Unsurprisingly UKIP's official position fits this pattern, with doubts on the validity of climate science as well as its main preoccupation of exit from Europe. There are of course exceptions, the most prominent being Labour MP Kate Hoey, a strong supporter of action on climate. Conversely Michael Fallon, Tory loyalist on the EU, has described climate science as theology.


Explanations


Full explanations are complex. Part of the story is ideological. The Tory party sceptics on both EU and climate tend to be "small state" Tories, for whom the EU as an additional layer of government is anathema. Climate change, as a problem that can only be addressed by government, and , even worse, by global agreements, is increasingly an "inconvenient truth". Somewhat hysterically, other commentators have long branded climate science as a left-wing conspiracy. [Melanie Phillips, Daily Mail, 12 January 2004]. The growing body of incontrovertible evidence, not just for the underpinnings of climate science, but for the reality of temperature measurements showing global rises in line with climate science models, makes this an increasingly uncomfortable position.

But this theory fails to explain the UKIP commitment to climate scepticism. UKIP's support, however, like that of Trump in the US and other movements in Europe, has often been viewed as an outpouring of anger by groups that see themselves as marginalised. Their rage is directed against political, media  and other elites that they feel have failed them. Given the correlation YouGov observes with levels of education, it may be unsurprising that this is also a group that will extend its distrust of metropolitan elites to a distrust of elites in general, and in this case (unfairly and regrettably) to mainstream science. So perhaps the demographics have something to tell us on climate issues too.

However it does suggest that the two questions, Europe and climate matters, should perhaps be viewed in parallel. And we should look at the case for or against Europe in the context of energy policy, and the successes and failures of climate policy in Europe as a particular element in the referendum debate.



2 comments:

Ben Anstey said...

I think the crossover piece on voting tendencies on Europe and climate change scepticism is an interesting angle. I would recommend reading anything by Ronald Dworkin on political/legal theory and this tribalism in voting patterns e.g. 'Is Democracy Possible Here'?

John Rhys said...

I think the political theory is interesting, and there is a clear link between neo-liberal economics and climate scepticism for the very obvious reason that a huge externality implies a huge intervention at some point in the system, making the carbon climate link and extremely "inconvenient truth".
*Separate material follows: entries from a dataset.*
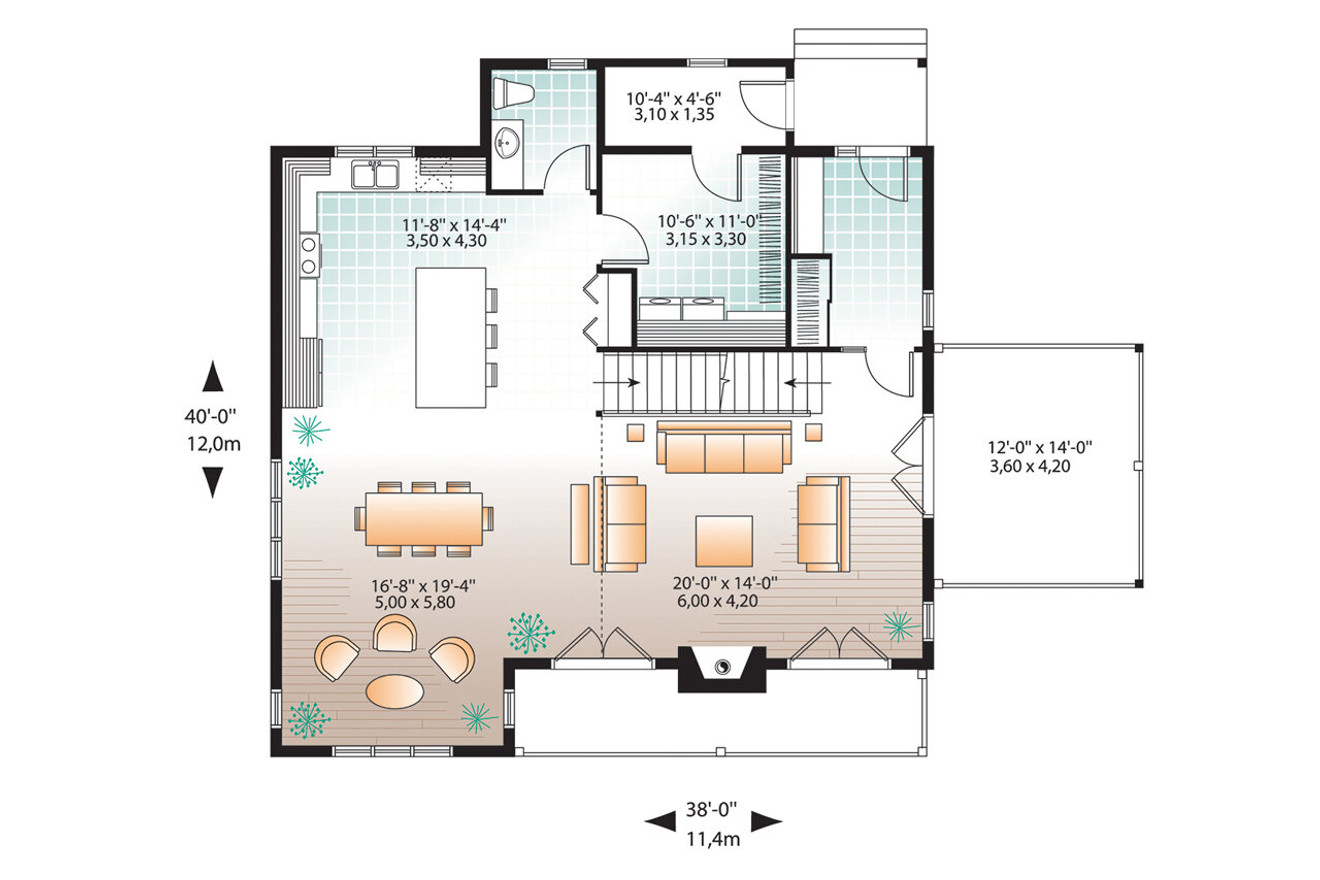 Cottage House Plan - Touchstone 4 78065 - 1st Floor Plan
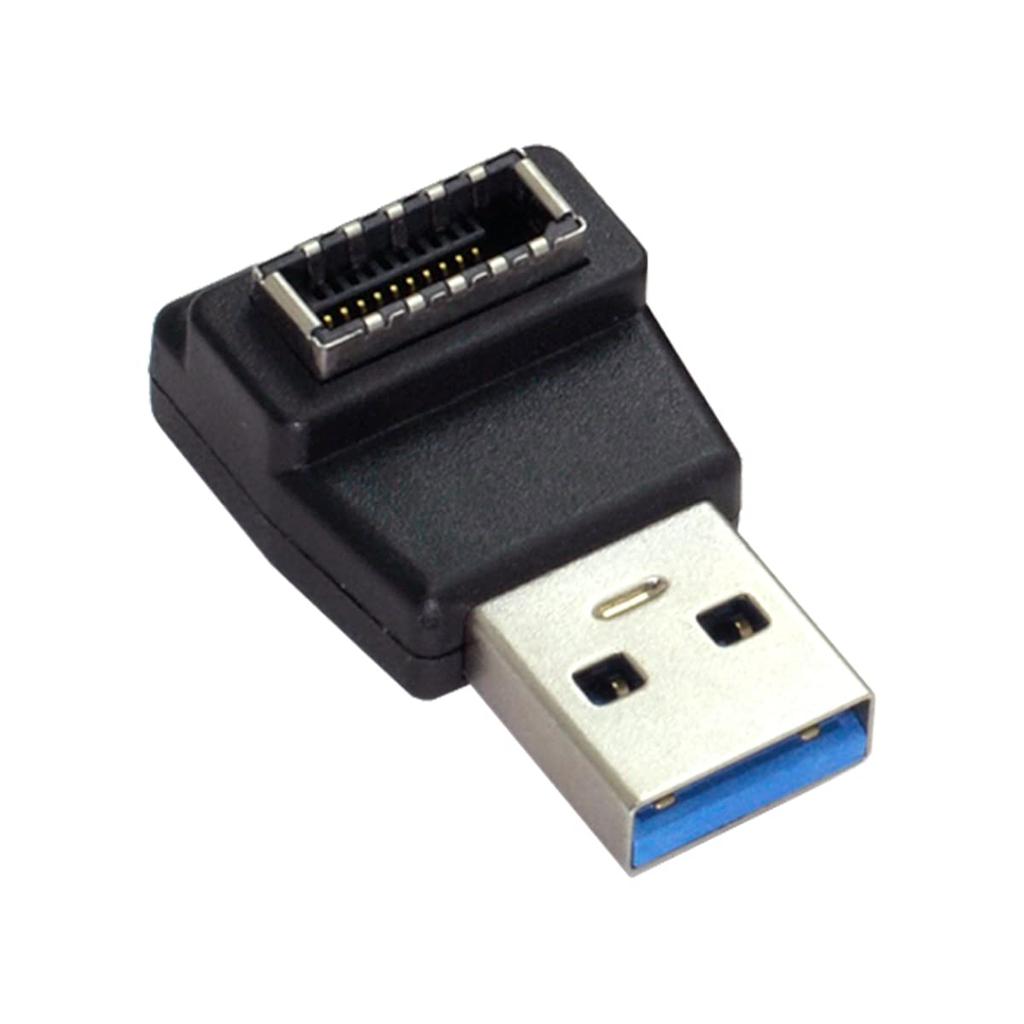 cablecc USB-Frontpanel-Header Buchse auf Stecker Motherboard Erweiterungsdaten Winkeladapter 3 Stück 3.1 Typ-E Typ-A & Typ-C USB-C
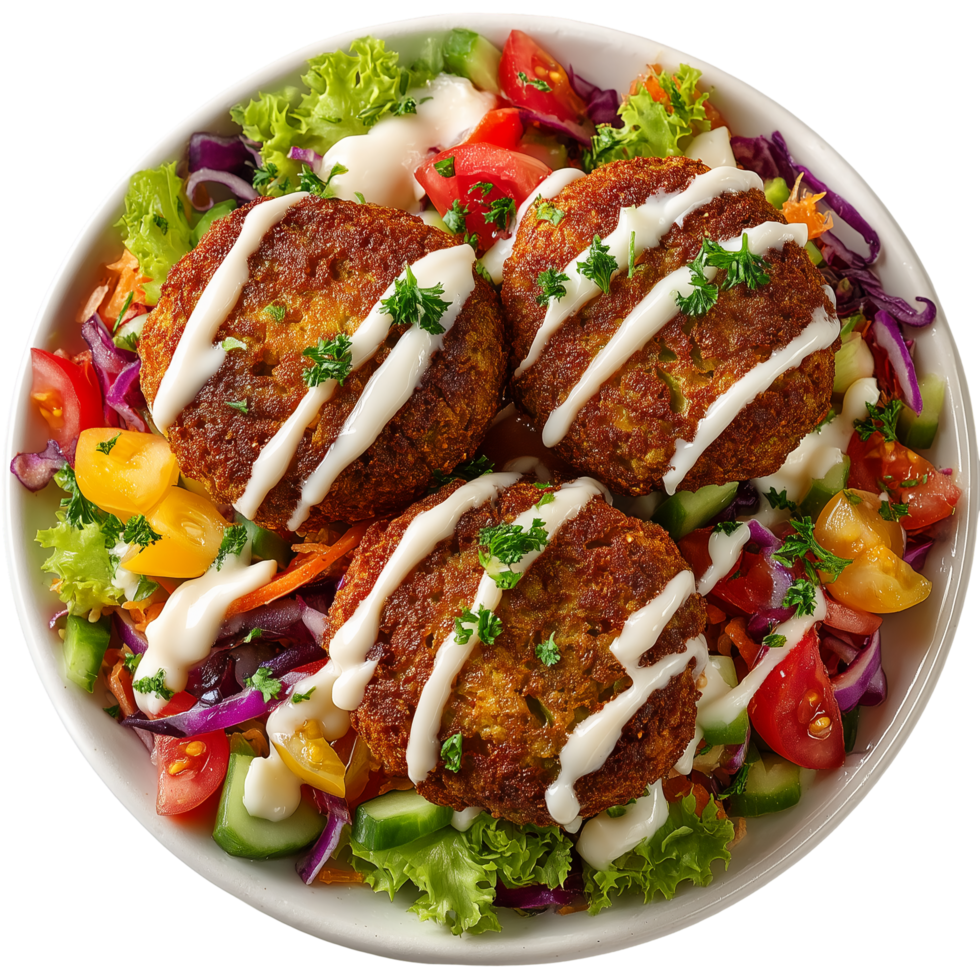 Delicious falafel salad plate with fresh vegetables and tahini sauce isolated on transparent background png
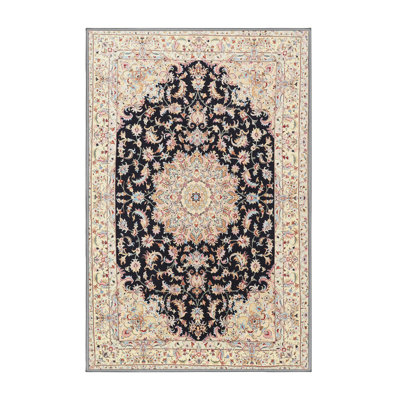 Tapis oriental en laine crème / noir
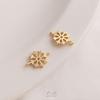 Color conservando oro de 14K circonita copo de nieve flor de ciruelo doble conector colgante pulsera collar accesorios diy hechos a mano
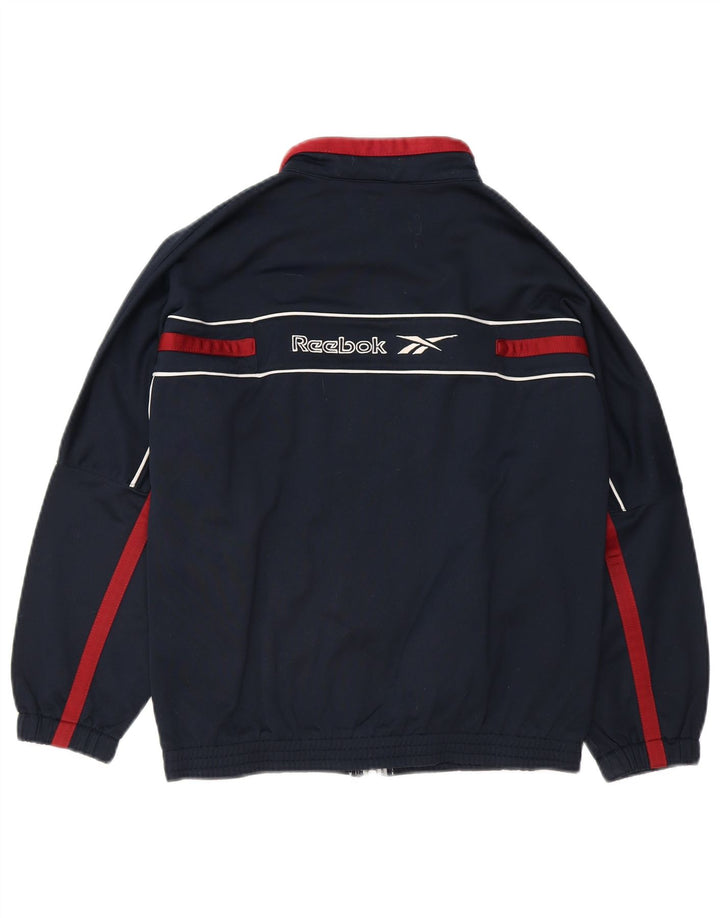 REEBOK Boys Tracksuit Top Jacket 9-10 Years Medium Navy Blue Colourblock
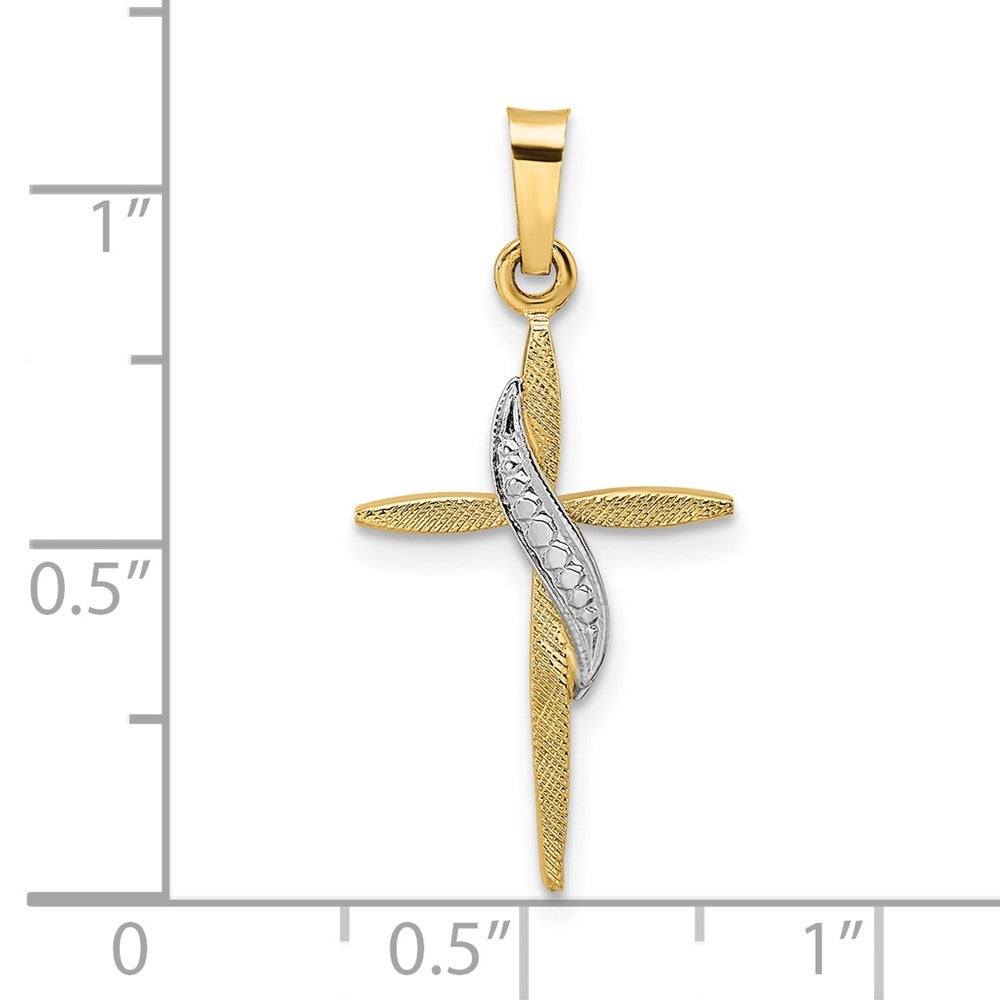 14k Two-tone Gold Polished and Satin Solid Methodist Cross Pendant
But there are also other very obvious and even more fundamental reasons that make it very difficult. It is the ultimate challenge in getting total global cooperation; it is very long term in its consequences - many political cycles; humans (all of us) are very bad at understanding comparative risk concepts; and there are long time lags (20 years plus) before we see the consequences. Some of these are addressed in the climate science section.

It is of course a tragedy that it has been politicised to the extent that it has.